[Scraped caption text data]
*****

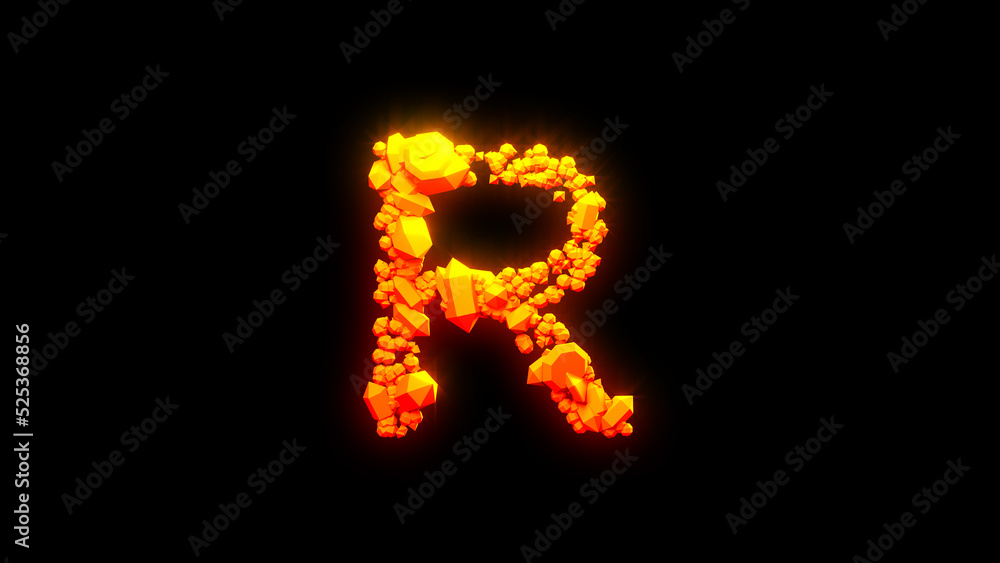 cute burning stones letter R - burning hot orange - red character, isolated - object 3D rendering cute burning stones letter R - burning hot orange - red character, isolated - object 3D rendering
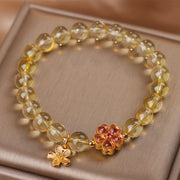 Buddha Stones Natural Citrine Flower Charm Prosperity Protection Bracelet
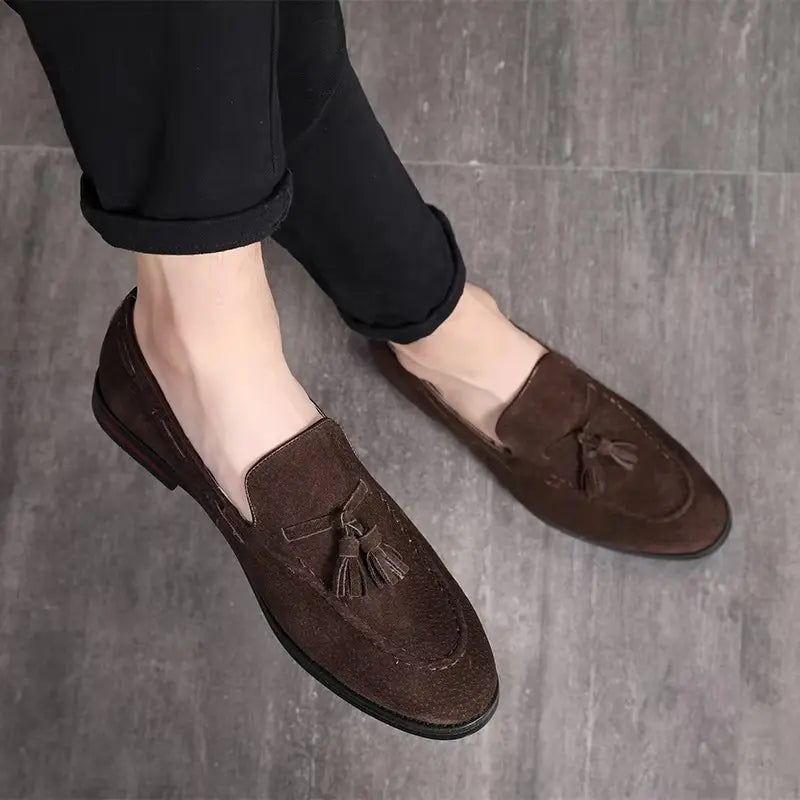 Suede Tassel Loafers for Smart Casual and Office Wear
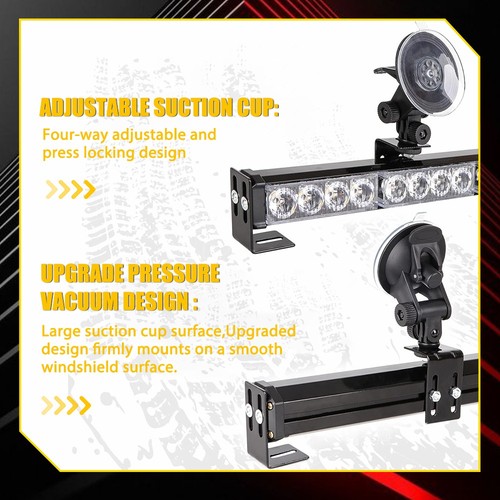 16 LED Amber Emergency White Strobe Warning Light Rooftop Bar Side Flashing Pair - Imagen 7 de 11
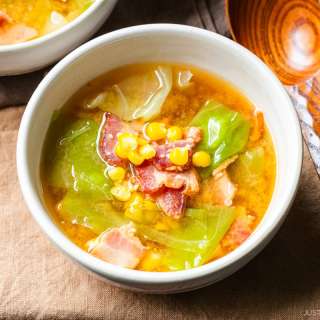Bacon and Corn Miso Soup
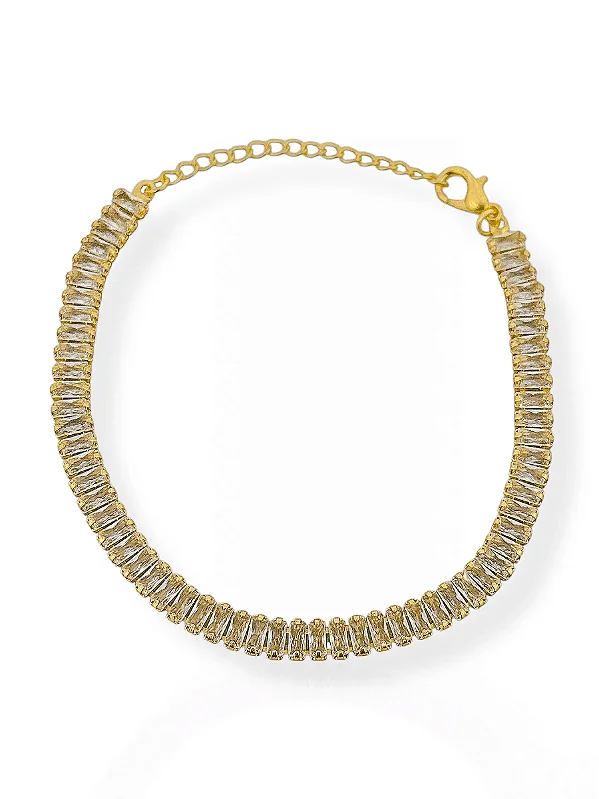 Pulseira Trabalhada com Navete - Folhada a Ouro 18k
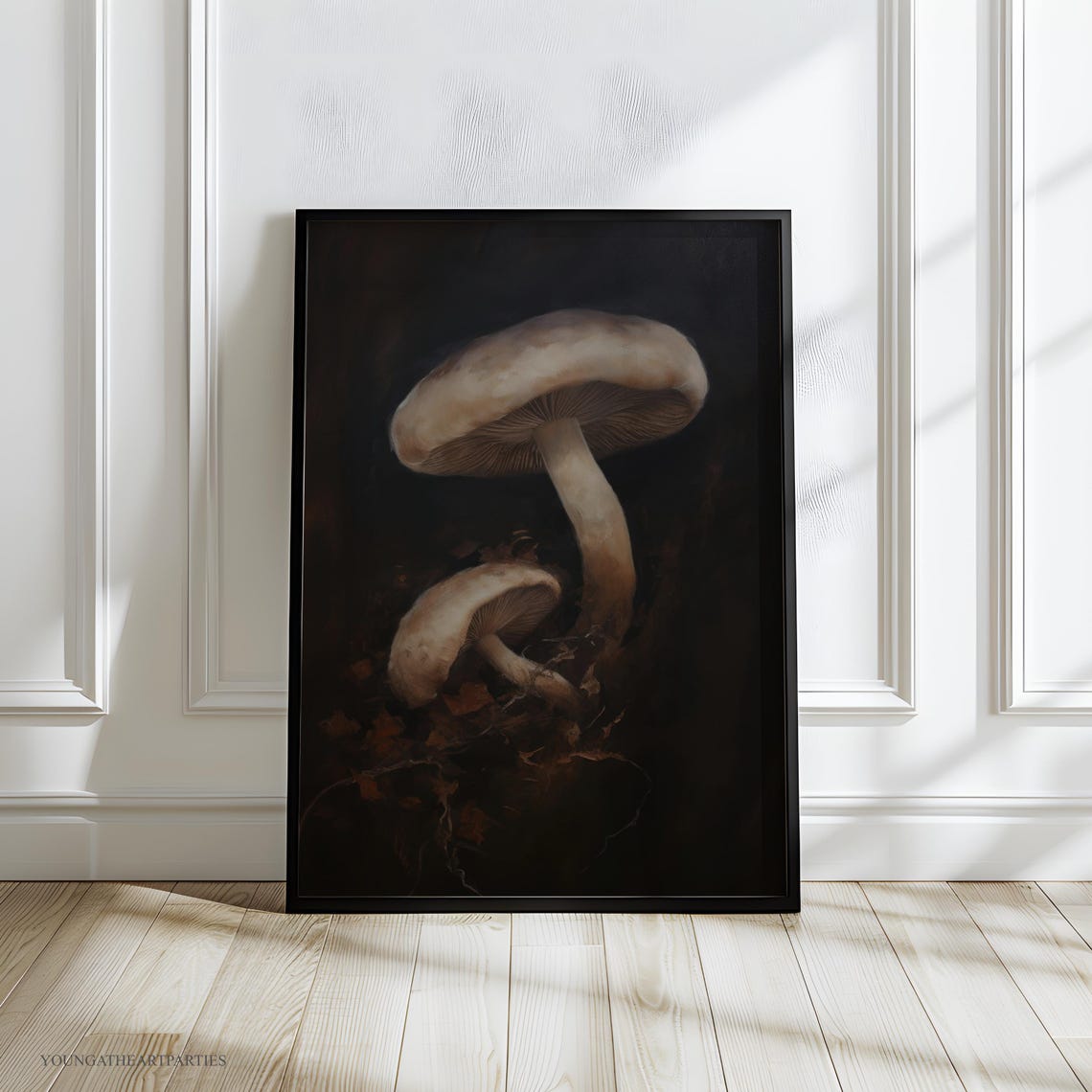Vintage Moody Mushroom Oil Painting Dark Botanical Forest Wall Art - Image 6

*****

▶ **TRY IT**
All the records need to be repeated exactly, with the images dropped.

▶ **RESULT OF THE TASK**
 cute burning stones letter R - burning hot orange - red character, isolated - object 3D rendering cute burning stones letter R - burning hot orange - red character, isolated - object 3D rendering
 Buddha Stones Natural Citrine Flower Charm Prosperity Protection Bracelet
 Suede Tassel Loafers for Smart Casual and Office Wear
 16 LED Amber Emergency White Strobe Warning Light Rooftop Bar Side Flashing Pair - Imagen 7 de 11
Bacon and Corn Miso Soup
 Pulseira Trabalhada com Navete - Folhada a Ouro 18k
Vintage Moody Mushroom Oil Painting Dark Botanical Forest Wall Art - Image 6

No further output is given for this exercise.